Software Developer / Analyst - Not terribly exciting.


----------



## benno_2010 (Oct 8, 2010)

Heavyassweights said:


> of animals or ppl?


Animals for now


----------



## Todai (Jul 18, 2010)

offshore medic - trying to get into H&S


----------



## bogbrush (Sep 19, 2013)

benno_2010 said:


> I'm loving it so far tbh!! Hard work and it's great but I'm sure doing it for years can take it's toll!! I presume you were a butcher?


No still a butcher mate, just not a very glamorous posistion right now(see other post)

I am British an Irish shop trained, 3 species and poultry, been in factory's now for about 15 years!

You training in shop or college?


----------



## p.cullen (Jun 6, 2014)

Electrical Engineer - working for a company that specialises in CCTV, Fibre Optics, Wireless Networking, Building Management Systems and Integrated Systems. Recently came off the tools and moved into the Sales side of things


----------



## AndyWaller (Oct 10, 2014)

Chassis test engineer for Bentley motors.

10% Awesome 90% same old s**t.


----------



## bogbrush (Sep 19, 2013)

seandog69 said:


> you just described my sex life....




Ye my Saturday nights, set me up well for this!

Dipped me wick in a lot worse!


----------



## benno_2010 (Oct 8, 2010)

bogbrush said:


> No still a butcher mate, just not a very glamorous posistion right now(see other post)
> 
> I am British an Irish shop trained, 3 species and poultry, been in factory's now for about 15 years!
> 
> You training in shop or college?


Saw your posts after mine lol! So you're in a slaughter house or something else? Training in shop mate - will do it for 6 months to a year to get experience etc and then get the assessors out so I can get my qualifications (altho you learn **** all in education establishments compared to on the job training)

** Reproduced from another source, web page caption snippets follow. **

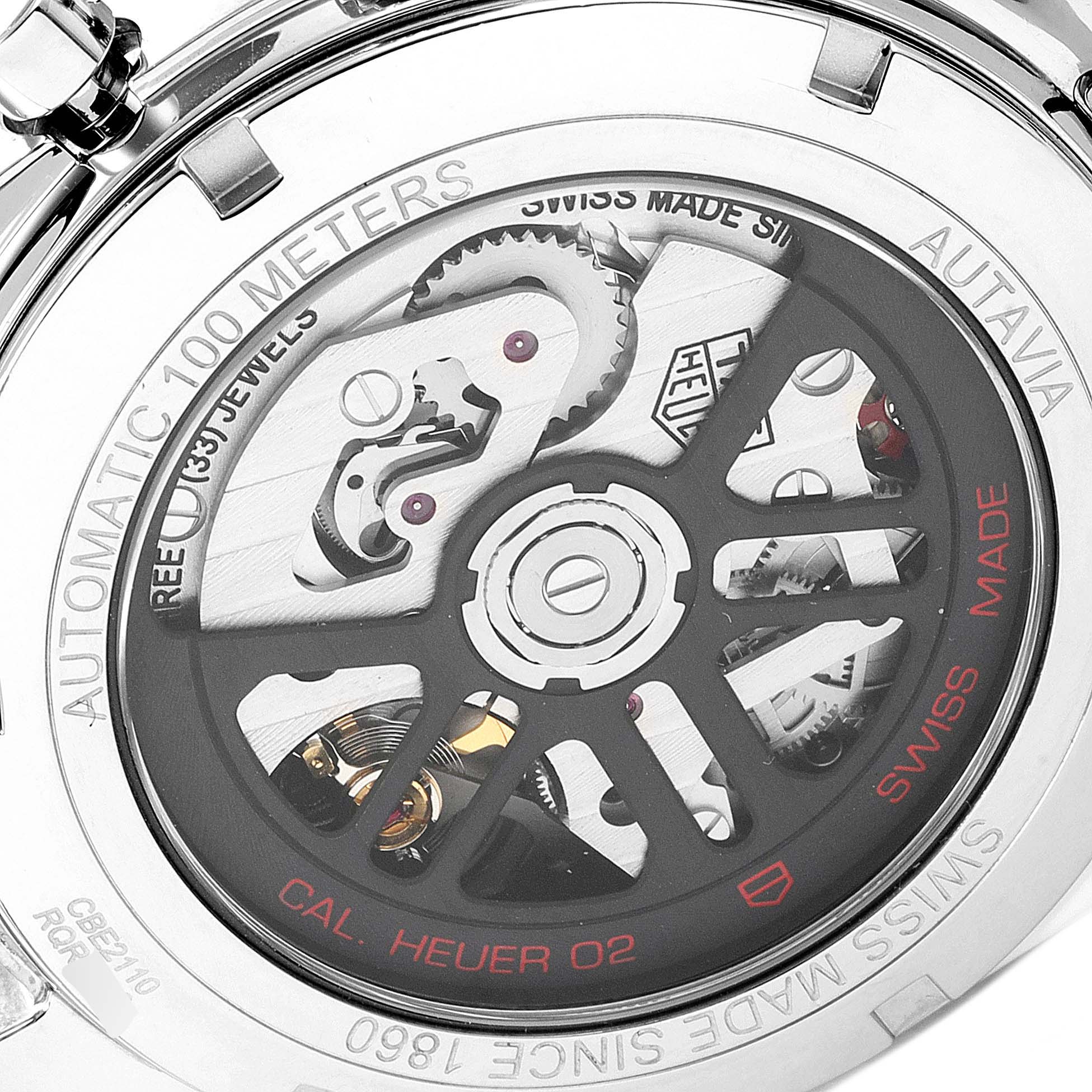 The image shows the back view of a Tag Heuer Autavia CBE2110.BA0687 Men's Stainless Steel Black Dial CBE2110.BA0687 Men's Stainless Steel Black Dial watch, highlighting its automatic movement with visible gears and components.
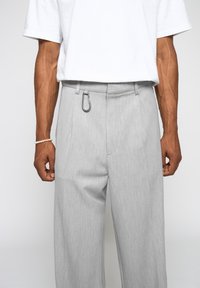 Pantalones grises ajustados con una textura suave, un corte holgado y un detalle metálico en el cinturón, combinados con una camiseta blanca básica.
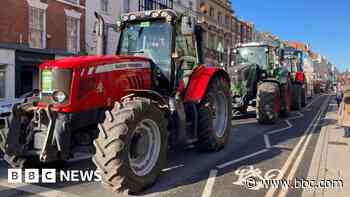 Farmers drive tractor convoy in tax protest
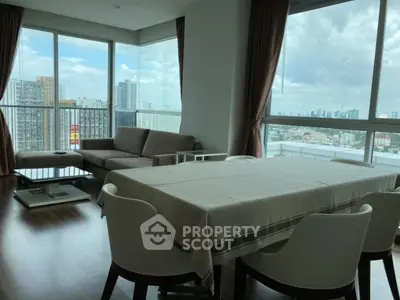 Spacious corner unit living room with panoramic city views and elegant dining area.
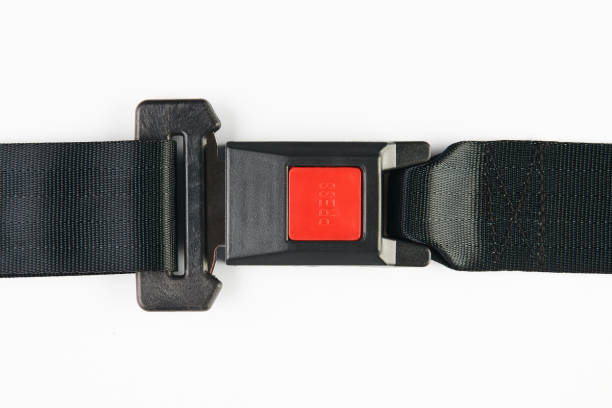 istock Fastened seat belt isolated on white background, close-up. Safet 941584904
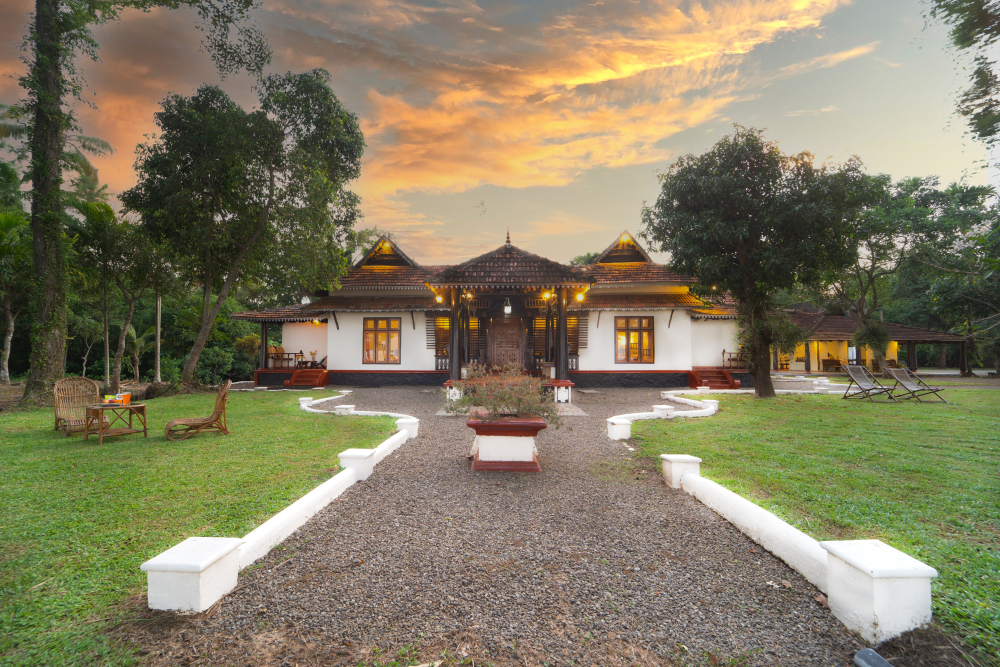 Traditional South Indian style house in Alappuzha with lawn, seating area, surrounded by lush nature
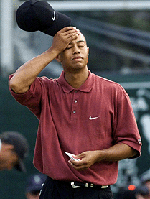 Defending champion Tiger Woods of Windemere, Florida, reacts at the 18th green after losing to Phil Mickelson in the final round of the Tour Championship at East Lake Golf Club in Atlanta, Georgia, on Sunday.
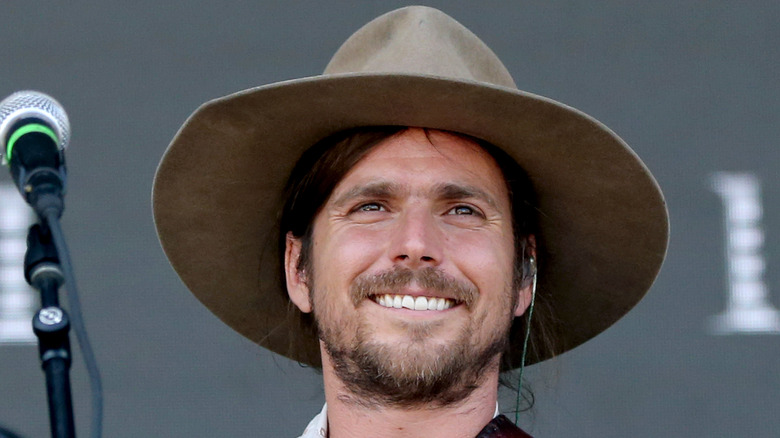 Lukas Nelson smiling onstage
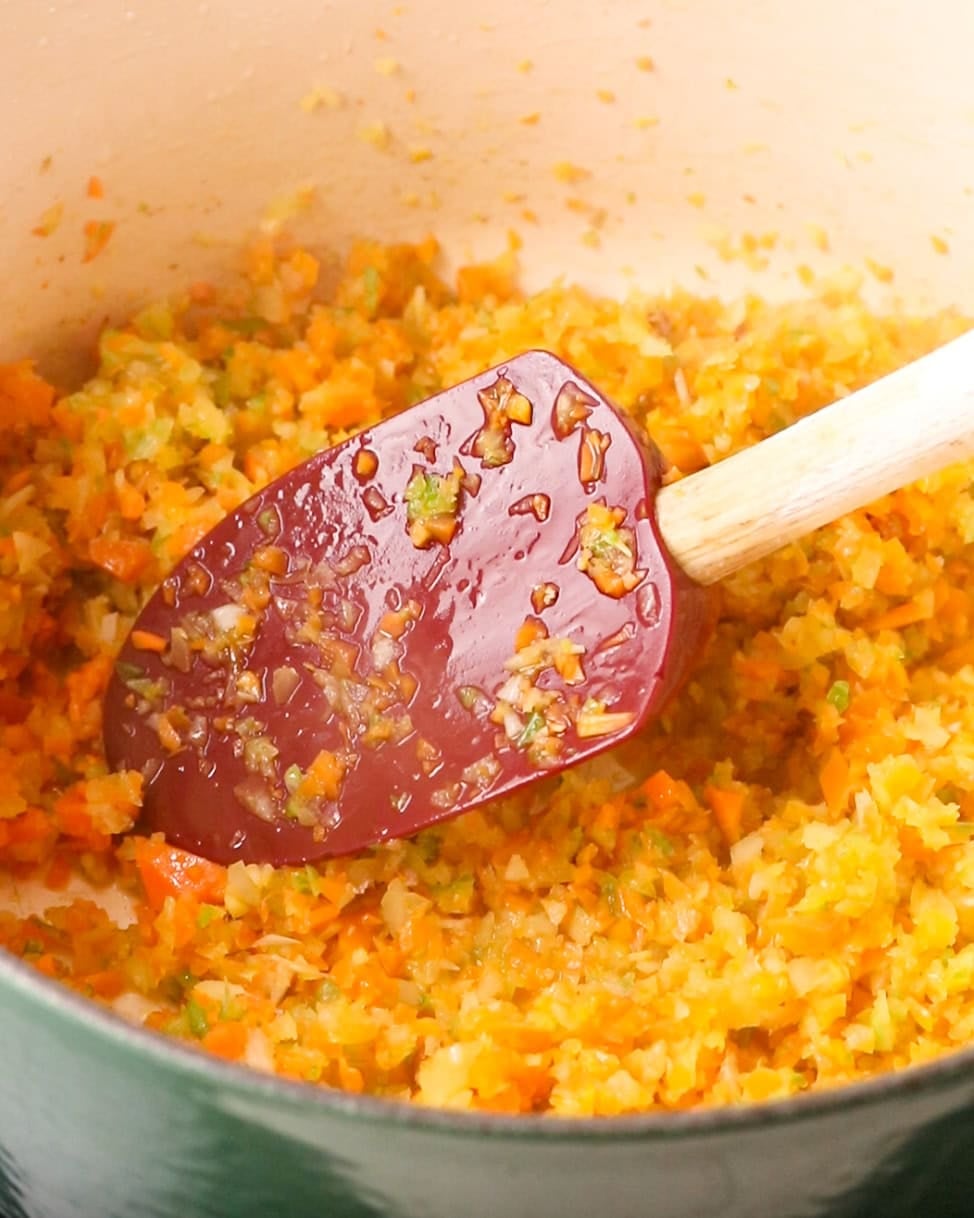 Finely chopped onion, carrot and celery cooking into a soffritto.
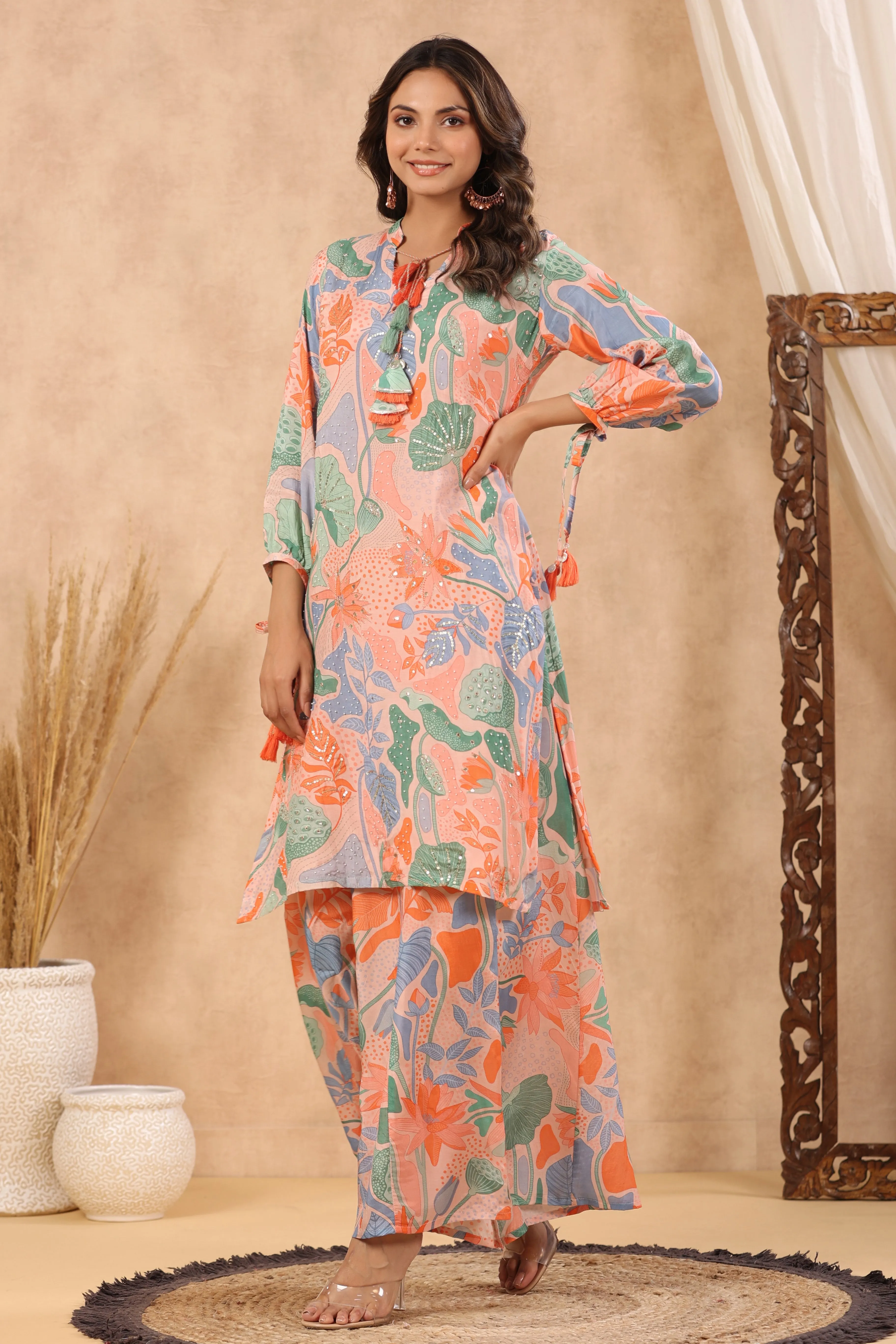Multi coloured peach base abstract print kurta with palazzo set with pearl gota and sequins work
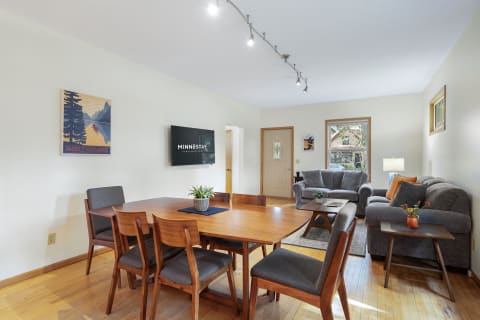 Bright living area featuring a dining table, a gray couch, and wall decor.
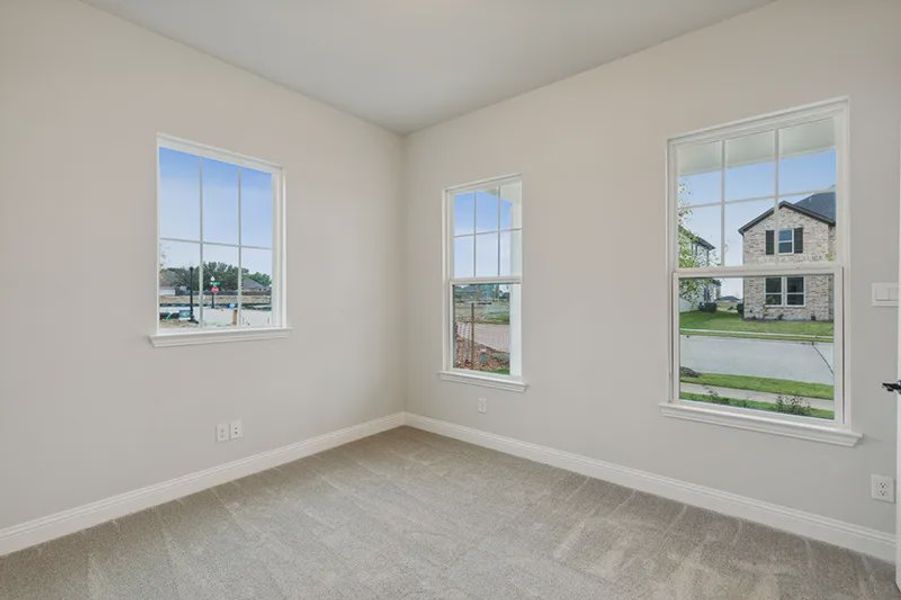 Representative unfurnished interior of a home built from the Logan by Cambridge Homes in Lake Park, Rowlett (Image 15).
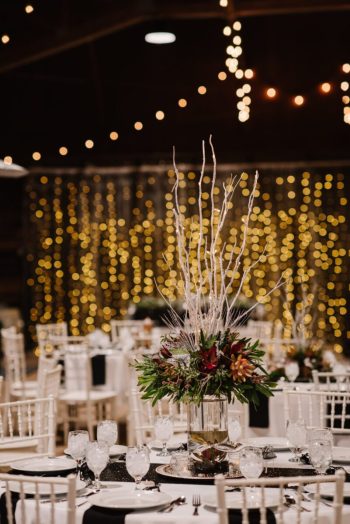 Elegant banquet table setting with a tall floral centerpiece and a backdrop of twinkling lights.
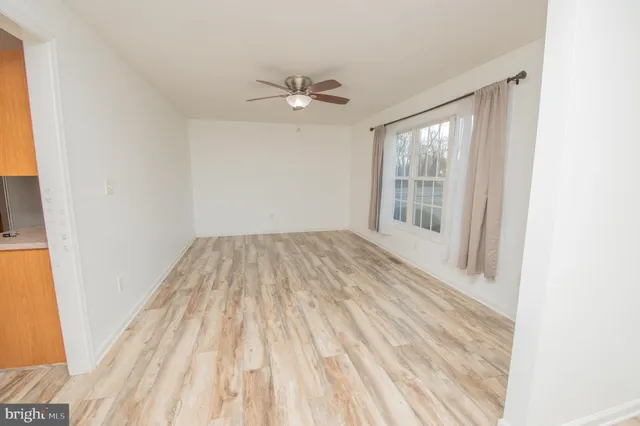 a kitchen with stainless steel appliances granite countertop a refrigerator a stove top oven a sink dishwasher and wooden floor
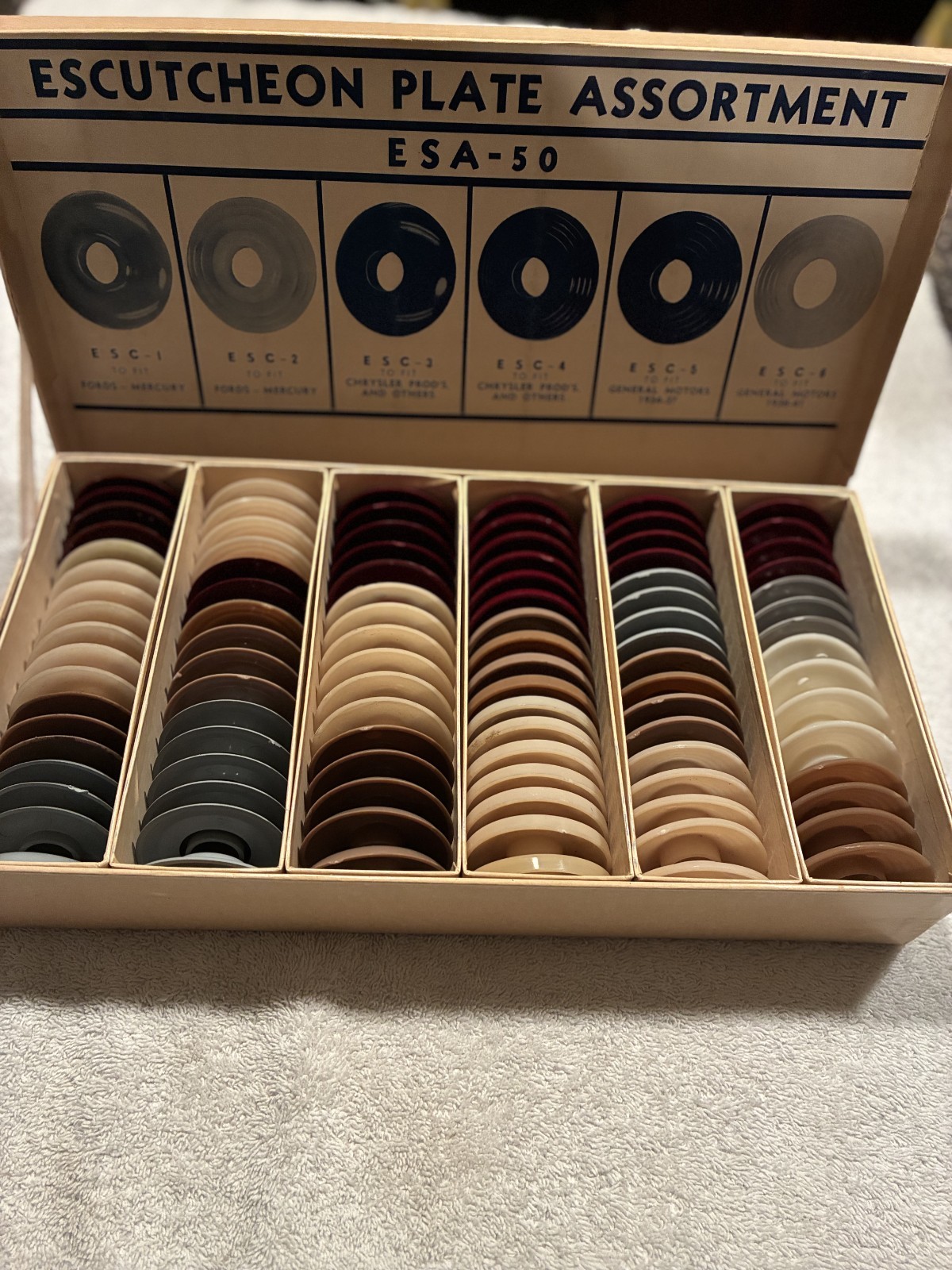NOS 1941 Escutcheon Plate Assortment-Complete 100 Piece for Ford Chrysler GM Ind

Absolutely love it tho - glad I made the change! How long you been a butcher? Have you always been in factories or shop based as well?


----------



## Alex6534 (Jan 2, 2013)

Web/software developer, well training to be. So far, so good!


----------



## Frandeman (Mar 24, 2014)

I cook :001_tt2:


----------



## Mince Pies (Dec 3, 2014)

Frandeman said:


> I cook :001_tt2:


meth?


----------



## Frandeman (Mar 24, 2014)

Mince Pies said:


> meth?


no need,

got more money than common sense :thumbup1:


----------



## Jordan08 (Feb 17, 2014)

Financial planning and analysis. And, i hate my job to the core. But then who will pay for my protein..lol


----------



## bogbrush (Sep 19, 2013)

benno_2010 said:


> Saw your posts after mine lol! So you're in a slaughter house or something else? Training in shop mate - will do it for 6 months to a year to get experience etc and then get the assessors out so I can get my qualifications (altho you learn **** all in education establishments compared to on the job training)
> 
> Absolutely love it tho - glad I made the change! How long you been a butcher? Have you always been in factories or shop based as well?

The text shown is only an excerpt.